2.       Mengembangkan Definisi Operasional (Develop Operational Definitions) (Gable, 1986: 16&73)
Definisi operasional merupakan suatu sarana pengembang contoh-contoh (samples) untuk mendefinisikan secara lebih spesifik ciri-ciri yang mencerminkan domain-domain afektif yang sudah didefinisikan secara umum pada definisi konseptual. Dalam hal ini, juga dilakukan review oleh panel yang sama (kelima orang experts yang sudah dibentuk) seperti pada langkah pengembangan definisi konseptual. Langkah-langkah mengembangkan definisi operasional dengan pendekatan “Domain-Reference” adalah:
  • Mengidentifikasi target dari domain afektif yang akan di ukur.
  • Berdasarkan peninjauan literatur, wawancara dengan guru, dan dasar teori yang mendasari program yang sedang dievaluasi atau variabel lain dalam belajar, katerogi kemudian dipilih.
  • Mendaftar kata kerja dan kata sifat, yang dapat digunakan untuk kategori yang dipilih sebelumnya.  
  • Salah satu contoh dari masing-masing domain dipilih
  • Merinci pernyataan berdasarkan langkah ketiga.
  • Mengembangkan beberapa pernyataan yang merupakan perubahan kata dari kalimat yang pertama.

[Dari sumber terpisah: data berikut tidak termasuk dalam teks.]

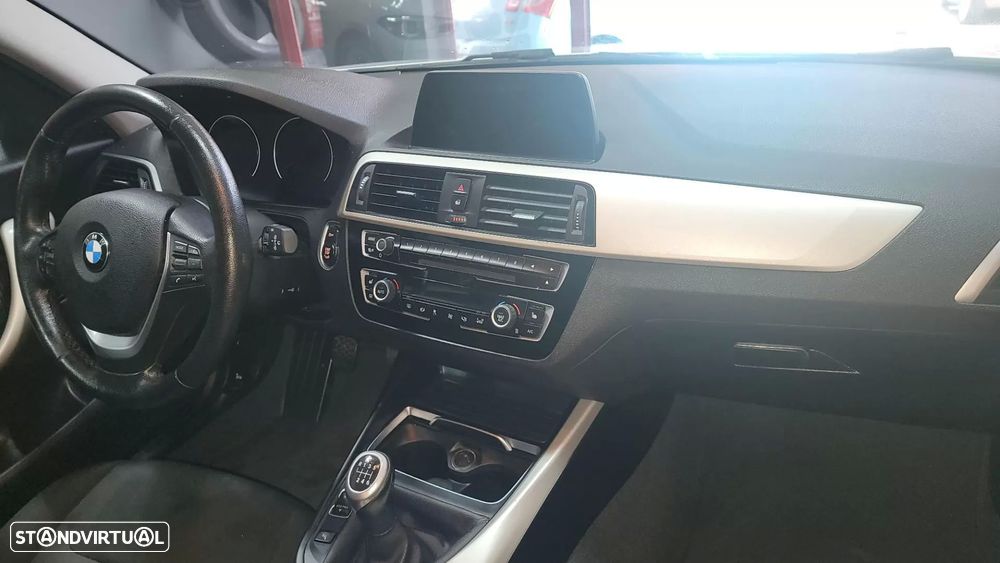 BMW 118 d M Sport - 27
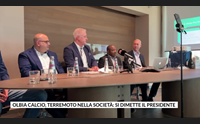 olbia calcio terremoto nella societ si dimette il presidente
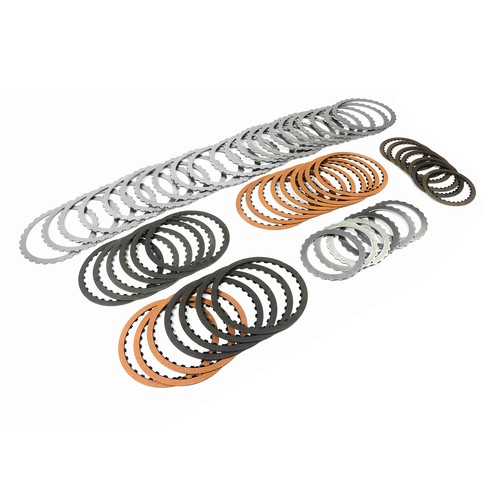 6R80 Transmission Master Rebuild Kit Clutch Plates For FORD F-150 Lincoln - Picture 5 of 6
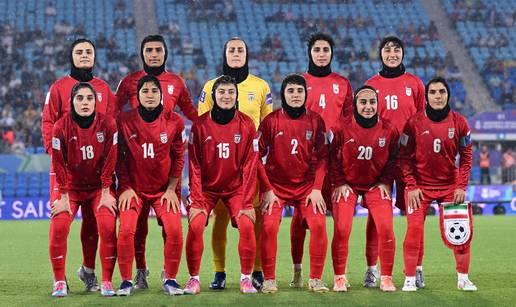 Iranke proglasili izdajicama, jo&scaron; ne&cacute;e ku&cacute;i. Evo kamo su oti&scaron;le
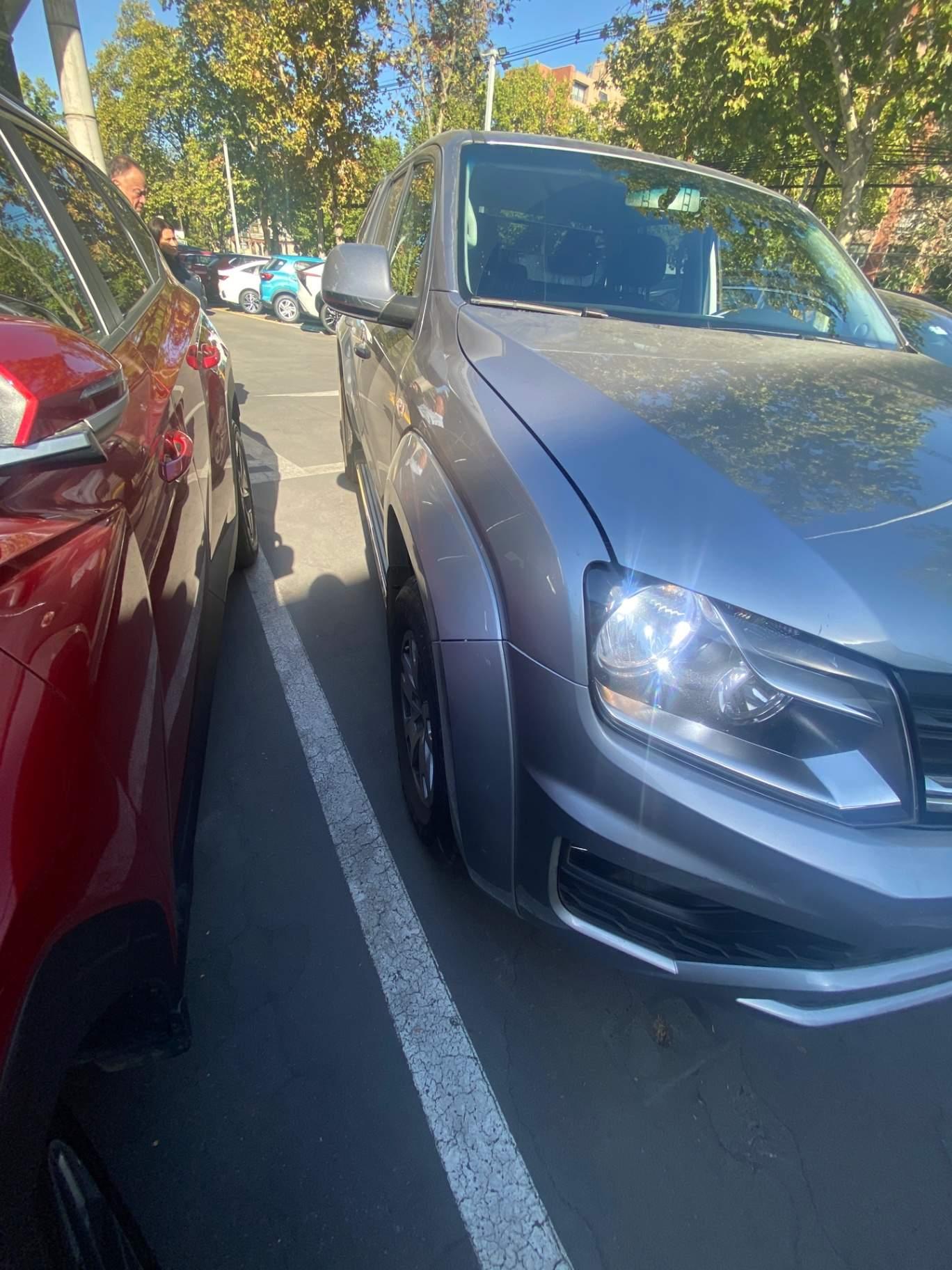 Suv Volkswagen Amarok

Perubahan ini harus mencerminkan karakteristik domain yang dipilih untuk pernyataan yang pertama.
3.       Memilih Teknik Penskalaan (Select  a Scaling Technique)
Dalam Gable (1986: 23-66) disebutkan 4 skala dalam penilaian afektif, yaitu: skala Likert, skala Thurstone, Skala Semantic Differential, dan skala Fishbein. Namun karena skala Fishbein lebih sering digunakan untuk penilaian afektif di bidang olahraga maka dalam makalah ini hanya akan dibahas tentang skala Likert, skala Thurstone, dan Skala Semantic Differential.
  1. Skala Likert
Penyusunan instrumen non tes dengan skala likert diperkenalkan oleh Likert (1932) yang sangat banyak digunakan dalam penelitian. Menurut Nunnally (Gable, 1986: 38) skala likert digunakan karena relatif mudah untuk mengonstruk, reliabel, dan sesuai untuk mengukur berbagai tipe domain afektif. Selanjutnya menurut Popham (1995: 186) skala likert yang umum digunakan untuk adult (older student) terdiri atas 5 respon, yaitu: sangat setuju, setuju, tidak pasti, tidak setuju, dan sangat tidak setuju. Sedangkan untuk anak-anak yang sangat muda digunakan yang lebih sederhana, misalnya 3 respon yaitu: setuju, tidak tahu, tidak setuju, atau 2 respon yaitu: ya atau tidak. Format respon tersebut digunakan untuk rating (menilai), agreement (persetujuan), frequency (frekuensi), importance (kepentingan), quality (kualitas), dan likelihood (kemungkinan).
Cara menyusun skala Likert menurut Popham (1995: 186-188) adalah:
  • Pilih variabel afektif yang akan dinilai.
  • Susun rangkaian pernyataan kesukaan dan ketidaksukaan terkait dengan variabel afektif.
  • Minta beberapa orang untuk mengkalsifikasikan pernyataan anda sebagi pernyataan positif atau negative.
  • Tentukan jumlah dan prase dari pilihan jawaban untuk setiap pernyataan.
  • Persiapkan angket evaluasi diri untuk memberikan petunjuk kepada siswa tentang bagaimana merespon dan menetapkan bahwa angket tersebut harus diselesaikan secara anonym.
  • Uji cobakan angketpada siswa sendiri, atau jika memungkinkan gunakan (sebagai tryout) pada siswa selain subjek penelitian.
  • Berikan skor pada angket.
  • Mengidentifikasi dan menghilangkan pernyataan yang tidak berfungsi sesuai dengan pernyataan lainnya.
  1. Skala Thurstone
Untuk memilih item pada skala Thurstone, terlebih dahulu dibuat instrument untuk memutuskan item mana yang harus digunakan dalam skala Thurstone. Instrument ini memuat pernyatan – pernyataan yang nantinya akan digunakan pada skala Thurstone yang sebenarnya. Apabila digunakan skala Thurstone, maka skor tertinggi untuk tiap butir 7 dan skor terendah 1.
  1. Skala Semantic Differential (Skala Beda Semantik)
Skala diferensial semantik berisikan serangkaian karakteristik bipolar (dua kutub). Osgood (Gable, 1986:50) menyarankan untuk menggunakan 7 skala untuk college students (mahasiswa) dan 5 skala untuk elementary students (siswa dasar).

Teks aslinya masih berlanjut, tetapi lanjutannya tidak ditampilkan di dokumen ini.